## What the task requires
Please show all lines of the records that include "long".

(Short text fragments from websites)
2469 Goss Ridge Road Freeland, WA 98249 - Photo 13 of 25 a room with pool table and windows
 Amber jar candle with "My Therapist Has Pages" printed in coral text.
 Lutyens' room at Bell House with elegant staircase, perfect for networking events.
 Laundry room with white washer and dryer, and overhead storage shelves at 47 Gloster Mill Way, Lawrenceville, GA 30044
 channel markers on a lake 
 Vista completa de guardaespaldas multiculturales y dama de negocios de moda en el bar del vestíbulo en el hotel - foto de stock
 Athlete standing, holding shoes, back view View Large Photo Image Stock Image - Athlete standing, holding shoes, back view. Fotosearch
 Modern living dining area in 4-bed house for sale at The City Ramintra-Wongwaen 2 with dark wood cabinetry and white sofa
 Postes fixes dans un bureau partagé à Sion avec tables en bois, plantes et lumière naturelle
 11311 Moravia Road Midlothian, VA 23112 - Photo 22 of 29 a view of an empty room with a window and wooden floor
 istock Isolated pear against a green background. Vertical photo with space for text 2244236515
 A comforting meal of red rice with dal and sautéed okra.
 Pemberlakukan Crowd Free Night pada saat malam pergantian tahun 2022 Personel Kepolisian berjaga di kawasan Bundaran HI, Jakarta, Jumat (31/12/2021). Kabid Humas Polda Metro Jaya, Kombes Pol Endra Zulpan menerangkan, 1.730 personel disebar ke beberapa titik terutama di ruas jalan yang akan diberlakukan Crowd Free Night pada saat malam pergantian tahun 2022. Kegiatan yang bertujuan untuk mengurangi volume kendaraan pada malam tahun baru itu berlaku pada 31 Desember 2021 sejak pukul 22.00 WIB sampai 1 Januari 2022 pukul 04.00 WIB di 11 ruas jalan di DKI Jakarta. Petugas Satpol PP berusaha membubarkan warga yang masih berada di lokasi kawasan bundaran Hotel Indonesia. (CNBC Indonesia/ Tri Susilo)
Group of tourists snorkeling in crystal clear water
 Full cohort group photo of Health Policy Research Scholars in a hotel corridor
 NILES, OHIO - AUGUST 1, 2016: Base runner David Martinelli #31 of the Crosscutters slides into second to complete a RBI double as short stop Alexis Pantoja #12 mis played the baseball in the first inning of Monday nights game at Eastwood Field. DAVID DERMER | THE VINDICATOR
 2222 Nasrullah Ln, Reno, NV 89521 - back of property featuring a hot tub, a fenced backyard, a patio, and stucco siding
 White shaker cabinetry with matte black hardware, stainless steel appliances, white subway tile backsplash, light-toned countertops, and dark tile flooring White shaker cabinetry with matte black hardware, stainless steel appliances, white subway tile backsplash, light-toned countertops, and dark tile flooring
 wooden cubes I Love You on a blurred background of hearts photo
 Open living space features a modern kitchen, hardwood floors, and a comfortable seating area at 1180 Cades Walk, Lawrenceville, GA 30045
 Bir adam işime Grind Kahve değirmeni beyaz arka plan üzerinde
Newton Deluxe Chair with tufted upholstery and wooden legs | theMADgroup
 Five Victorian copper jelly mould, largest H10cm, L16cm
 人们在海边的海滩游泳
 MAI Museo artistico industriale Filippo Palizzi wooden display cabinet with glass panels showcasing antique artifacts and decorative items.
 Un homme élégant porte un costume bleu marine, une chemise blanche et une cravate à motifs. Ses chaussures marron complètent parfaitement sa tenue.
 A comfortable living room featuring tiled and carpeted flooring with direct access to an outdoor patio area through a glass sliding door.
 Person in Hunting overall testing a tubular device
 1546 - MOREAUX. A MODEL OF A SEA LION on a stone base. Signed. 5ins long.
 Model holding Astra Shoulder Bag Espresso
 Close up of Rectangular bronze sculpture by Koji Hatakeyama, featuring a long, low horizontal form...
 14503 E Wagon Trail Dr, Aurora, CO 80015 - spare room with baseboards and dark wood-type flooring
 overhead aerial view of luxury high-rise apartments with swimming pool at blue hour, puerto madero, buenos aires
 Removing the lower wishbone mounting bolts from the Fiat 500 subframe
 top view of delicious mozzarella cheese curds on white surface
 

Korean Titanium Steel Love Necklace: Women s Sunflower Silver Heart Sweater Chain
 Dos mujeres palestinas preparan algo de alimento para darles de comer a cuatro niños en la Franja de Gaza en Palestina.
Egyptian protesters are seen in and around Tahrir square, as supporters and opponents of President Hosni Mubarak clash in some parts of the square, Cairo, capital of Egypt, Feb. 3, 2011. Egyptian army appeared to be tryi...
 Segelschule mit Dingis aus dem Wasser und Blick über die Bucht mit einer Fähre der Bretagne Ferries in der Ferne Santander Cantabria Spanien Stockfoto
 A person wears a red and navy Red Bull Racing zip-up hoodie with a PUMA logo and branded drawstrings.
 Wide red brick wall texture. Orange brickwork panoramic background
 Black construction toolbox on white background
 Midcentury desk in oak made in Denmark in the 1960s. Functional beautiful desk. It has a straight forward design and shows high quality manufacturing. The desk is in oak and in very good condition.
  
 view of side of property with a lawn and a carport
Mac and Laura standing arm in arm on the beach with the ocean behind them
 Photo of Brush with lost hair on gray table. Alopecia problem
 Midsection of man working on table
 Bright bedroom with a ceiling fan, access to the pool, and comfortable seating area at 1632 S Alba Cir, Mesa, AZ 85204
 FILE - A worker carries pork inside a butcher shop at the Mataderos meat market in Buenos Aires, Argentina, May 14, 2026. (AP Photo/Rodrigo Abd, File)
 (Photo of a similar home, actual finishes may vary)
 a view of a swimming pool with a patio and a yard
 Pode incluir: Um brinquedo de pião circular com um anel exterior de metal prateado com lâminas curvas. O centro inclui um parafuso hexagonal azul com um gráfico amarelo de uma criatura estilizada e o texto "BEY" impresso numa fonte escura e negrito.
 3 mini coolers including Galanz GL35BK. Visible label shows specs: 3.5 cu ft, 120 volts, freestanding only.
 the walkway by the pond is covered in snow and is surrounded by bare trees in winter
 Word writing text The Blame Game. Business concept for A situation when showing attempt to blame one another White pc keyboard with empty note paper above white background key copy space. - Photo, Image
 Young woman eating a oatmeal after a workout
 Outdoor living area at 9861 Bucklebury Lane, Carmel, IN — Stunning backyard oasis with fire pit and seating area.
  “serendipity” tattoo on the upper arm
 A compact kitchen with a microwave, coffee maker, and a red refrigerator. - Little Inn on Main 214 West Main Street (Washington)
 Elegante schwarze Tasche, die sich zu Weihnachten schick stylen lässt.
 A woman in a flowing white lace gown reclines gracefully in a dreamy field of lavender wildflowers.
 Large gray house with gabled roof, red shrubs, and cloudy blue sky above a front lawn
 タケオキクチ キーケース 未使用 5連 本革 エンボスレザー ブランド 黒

## Result of the exercise
 1546 - MOREAUX. A MODEL OF A SEA LION on a stone base. Signed. 5ins long.
 Close up of Rectangular bronze sculpture by Koji Hatakeyama, featuring a long, low horizontal form...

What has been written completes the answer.